“Every civilized Dutchman who has studied modern history, even if only in general terms, knows the brave Jan Sobieski.” These words come from a book review from 1832, discussing the recent publication of the letters of Jan III Sobieski (1629-1696), in Dutch translation. The review illustrates how famous the former Polish king was in the Northern Netherlands, even more than a century after his death.

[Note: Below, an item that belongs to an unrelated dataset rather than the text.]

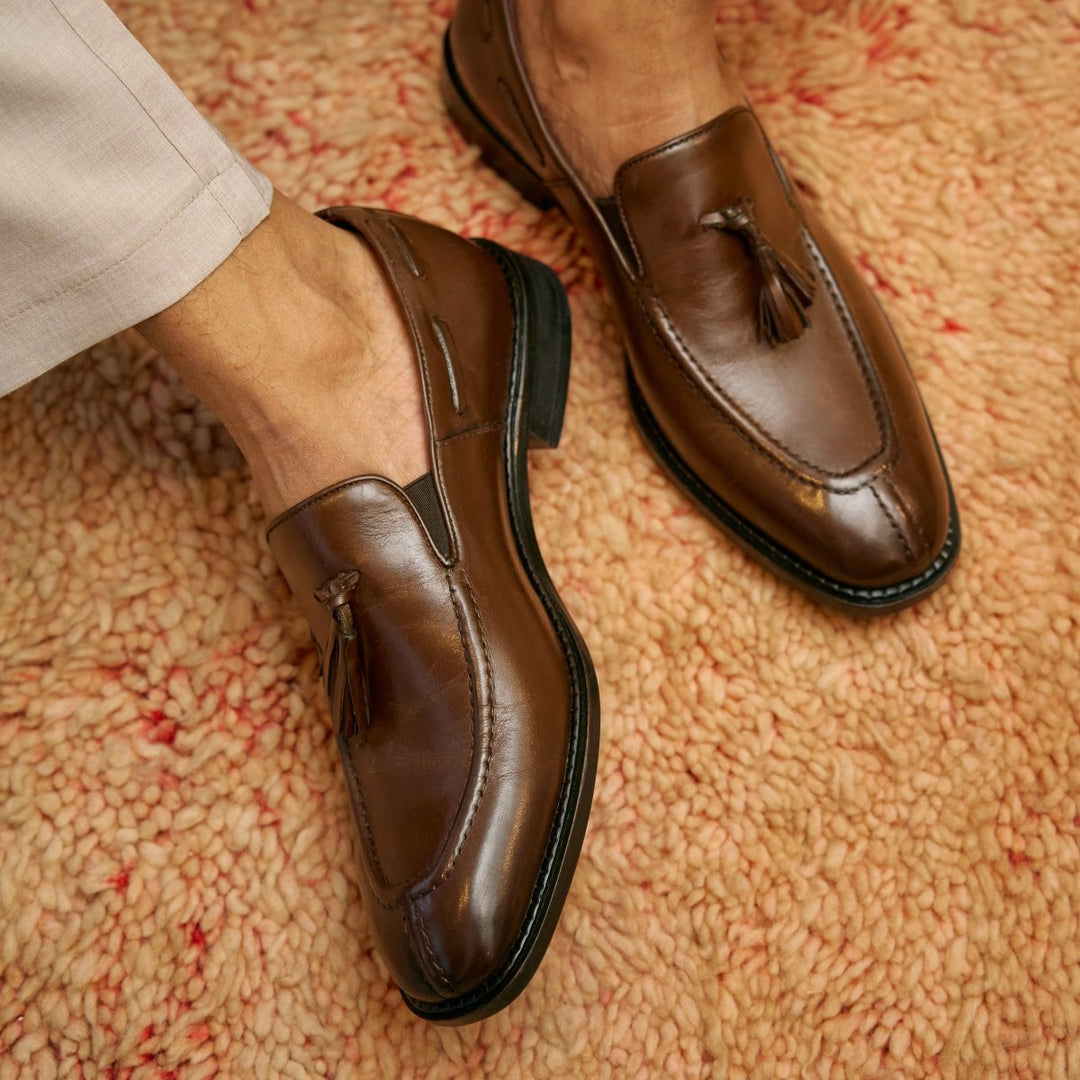 Reign: Mocassin Homme - Cuir Marron - Bleather Maroc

I have previously written about Sobieski’s Dutch reception in the late seventeenth century, prior to his acclaimed victory at the Battle of Vienna, in 1683. In a new publication, entitled ‘A Hero and His History. The Branding of Jan III Sobieski and His Letters in the Northern Netherlands during the Early Nineteenth Century’, I explore a related topic, venturing out of the early modern period. In the late 1820s and early 1830s, Europe saw the appearance of several editions of Sobieski’s correspondence. Three Dutch editions were published in The Hague. My publiation analyses the ways in which Sobieski and his letters were branded in these Dutch editions, particularly in the books’ extensive front matter. It argues that, while the Dutch branding was directly inspired by earlier French and Polish versions, the motives behind these different editions varied greatly, depending on their contexts. Of key importance were events related to Polish patriotism, such as the November Uprising. A number of reviews furthermore make clear how the brands in the Dutch editions were received.
My research has resulted in a book chapter, which has now appeared in H. van den Braber, J. Dera, J. Joosten and M. Steenmeijer (eds.), Branding Books Across the Ages. Strategies and Key Concepts in Literary Branding (Amsterdam: Amsterdam University Press 2021). You can find the Open Access publication on the publisher’s website.